Keybase makes it easy to use GPG, and makes it even easier to share encrypted files with each other using a virtual file system called KBFS.

Who’s who?

Here are some sample users who are on Keybase, leveraging the ease of GPG:

Person Account Description
Ethan Pursley https://keybase.io/smoshysmosh Lead Web Architect at McGraw-Hill Education.
Ryan Parman https://keybase.io/skyzyx Experienced Software, DevOps, and Security Engineer. Creator of SimplePie, AWS SDK for PHP, and MFA-as-a-Service at WePay. Ambivert. Curious. Not a coffee drinker. Formerly: WePay, AWS, Yahoo!
Werner Vogels https://keybase.io/werner CTO at Amazon.com
Mitch Garnaat https://keybase.io/garnaat Creator of boto, botocore, and AWS CLI. Formerly at Amazon Web Services.
Chris Messina https://keybase.io/chrismessina Inventor the #hashtag, BarCamps and the co-working industry. Formerly at Google and Uber.
Mike Finch https://keybase.io/mkfnch Visual and interaction designer. Activist citizen. Formerly at Facebook and Amazon Web Services.
Coinbase https://keybase.io/coinbase Bringing Bitcoin to the masses.
Hashicorp https://keybase.io/hashicorp Cloud Infrastructure Automation.
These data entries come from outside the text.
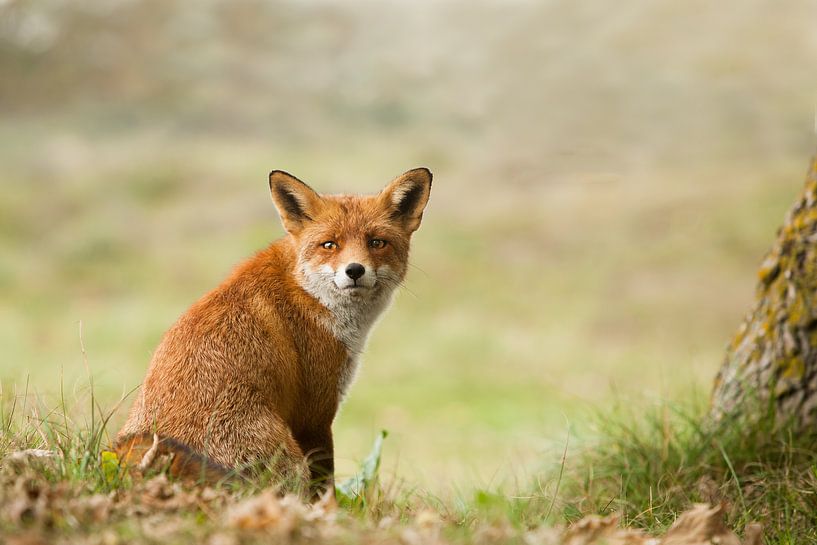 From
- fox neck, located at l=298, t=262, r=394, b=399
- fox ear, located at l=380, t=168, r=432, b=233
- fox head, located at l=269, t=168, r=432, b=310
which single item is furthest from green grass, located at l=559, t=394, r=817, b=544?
fox ear, located at l=380, t=168, r=432, b=233

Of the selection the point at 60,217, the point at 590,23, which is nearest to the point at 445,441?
the point at 60,217

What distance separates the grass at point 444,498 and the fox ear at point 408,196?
148cm

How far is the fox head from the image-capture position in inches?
175

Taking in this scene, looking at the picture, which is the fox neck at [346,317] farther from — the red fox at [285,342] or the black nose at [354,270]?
the black nose at [354,270]

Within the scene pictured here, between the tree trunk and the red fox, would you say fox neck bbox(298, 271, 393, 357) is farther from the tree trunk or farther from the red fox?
the tree trunk

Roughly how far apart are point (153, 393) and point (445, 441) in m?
6.92

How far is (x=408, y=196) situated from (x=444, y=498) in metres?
1.84

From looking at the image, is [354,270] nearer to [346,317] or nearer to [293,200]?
[346,317]

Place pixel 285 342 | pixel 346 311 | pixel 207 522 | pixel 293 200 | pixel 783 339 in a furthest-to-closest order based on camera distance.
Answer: pixel 783 339 < pixel 293 200 < pixel 346 311 < pixel 285 342 < pixel 207 522

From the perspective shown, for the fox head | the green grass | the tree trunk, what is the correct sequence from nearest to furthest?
1. the green grass
2. the fox head
3. the tree trunk

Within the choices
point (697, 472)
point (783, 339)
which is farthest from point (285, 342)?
point (783, 339)

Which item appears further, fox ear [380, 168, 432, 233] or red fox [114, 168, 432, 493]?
fox ear [380, 168, 432, 233]

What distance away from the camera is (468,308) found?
15820 millimetres

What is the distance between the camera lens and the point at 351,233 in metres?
4.57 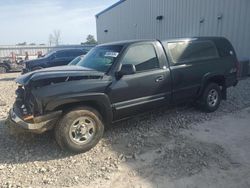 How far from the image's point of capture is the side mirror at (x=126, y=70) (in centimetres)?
474

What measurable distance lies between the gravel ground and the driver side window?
125 cm

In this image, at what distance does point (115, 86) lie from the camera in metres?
4.79

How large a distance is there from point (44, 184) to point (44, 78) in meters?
1.62

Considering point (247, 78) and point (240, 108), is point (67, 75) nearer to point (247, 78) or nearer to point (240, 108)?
point (240, 108)

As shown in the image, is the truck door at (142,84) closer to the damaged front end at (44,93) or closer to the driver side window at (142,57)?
the driver side window at (142,57)

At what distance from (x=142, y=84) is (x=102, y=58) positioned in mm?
951

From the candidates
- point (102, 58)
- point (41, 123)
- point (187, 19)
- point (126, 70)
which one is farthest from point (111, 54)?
point (187, 19)

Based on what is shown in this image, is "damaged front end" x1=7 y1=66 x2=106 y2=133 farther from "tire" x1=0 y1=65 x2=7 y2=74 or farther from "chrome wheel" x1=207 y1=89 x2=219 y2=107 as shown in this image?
"tire" x1=0 y1=65 x2=7 y2=74

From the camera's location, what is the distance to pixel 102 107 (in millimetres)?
4723

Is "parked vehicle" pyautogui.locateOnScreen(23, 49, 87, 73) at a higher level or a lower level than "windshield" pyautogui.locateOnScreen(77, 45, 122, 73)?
lower

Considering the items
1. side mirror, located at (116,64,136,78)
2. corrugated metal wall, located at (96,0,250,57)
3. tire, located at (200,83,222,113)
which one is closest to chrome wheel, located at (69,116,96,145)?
side mirror, located at (116,64,136,78)

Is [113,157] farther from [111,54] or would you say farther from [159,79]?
[111,54]

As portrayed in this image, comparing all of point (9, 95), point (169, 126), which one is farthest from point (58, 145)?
point (9, 95)

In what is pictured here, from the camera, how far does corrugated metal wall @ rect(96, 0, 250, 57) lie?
438 inches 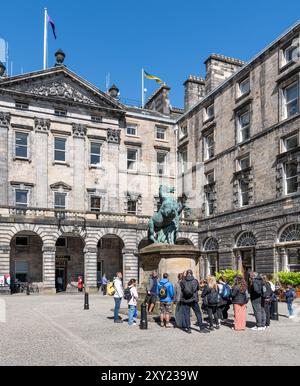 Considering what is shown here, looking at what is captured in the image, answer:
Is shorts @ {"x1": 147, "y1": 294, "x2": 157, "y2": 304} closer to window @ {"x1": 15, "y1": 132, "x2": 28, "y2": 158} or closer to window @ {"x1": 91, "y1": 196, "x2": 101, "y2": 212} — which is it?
window @ {"x1": 91, "y1": 196, "x2": 101, "y2": 212}

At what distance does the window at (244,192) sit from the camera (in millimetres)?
35406

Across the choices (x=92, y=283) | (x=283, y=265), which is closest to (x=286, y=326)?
(x=283, y=265)

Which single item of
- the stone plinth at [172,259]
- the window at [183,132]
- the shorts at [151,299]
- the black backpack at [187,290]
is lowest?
the shorts at [151,299]

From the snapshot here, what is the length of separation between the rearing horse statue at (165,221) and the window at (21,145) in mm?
25416

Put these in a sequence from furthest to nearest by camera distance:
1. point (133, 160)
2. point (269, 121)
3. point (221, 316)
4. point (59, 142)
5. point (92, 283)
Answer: point (133, 160) < point (59, 142) < point (92, 283) < point (269, 121) < point (221, 316)

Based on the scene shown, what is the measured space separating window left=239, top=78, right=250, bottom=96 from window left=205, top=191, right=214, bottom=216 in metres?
9.30

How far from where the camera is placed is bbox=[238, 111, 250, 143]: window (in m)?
36.0

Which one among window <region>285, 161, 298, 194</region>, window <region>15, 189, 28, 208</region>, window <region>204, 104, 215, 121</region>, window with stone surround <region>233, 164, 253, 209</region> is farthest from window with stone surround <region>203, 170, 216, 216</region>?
window <region>15, 189, 28, 208</region>

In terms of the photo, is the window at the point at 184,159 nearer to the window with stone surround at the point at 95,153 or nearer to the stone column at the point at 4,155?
the window with stone surround at the point at 95,153

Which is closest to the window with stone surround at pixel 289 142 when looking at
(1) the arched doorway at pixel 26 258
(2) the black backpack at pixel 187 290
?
(2) the black backpack at pixel 187 290

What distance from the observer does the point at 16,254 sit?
40219mm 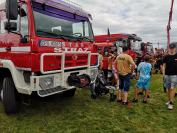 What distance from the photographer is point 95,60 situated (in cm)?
643

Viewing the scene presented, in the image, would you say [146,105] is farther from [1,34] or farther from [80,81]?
[1,34]

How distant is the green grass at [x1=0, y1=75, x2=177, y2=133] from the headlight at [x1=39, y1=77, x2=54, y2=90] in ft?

Consistent workflows to provision, secure, connect, and run any infrastructure for any application.

Share encrypted files with another user

With the Keybase client installed, you should have a new folder on your desktop.

Keybase KBFS

From there, you can navigate to (or create a new folder where) your Keybase username + the other person’s Keybase username is.

Keybase Share

NOTE: You can support more than 2 people by adding more usernames separated by commas.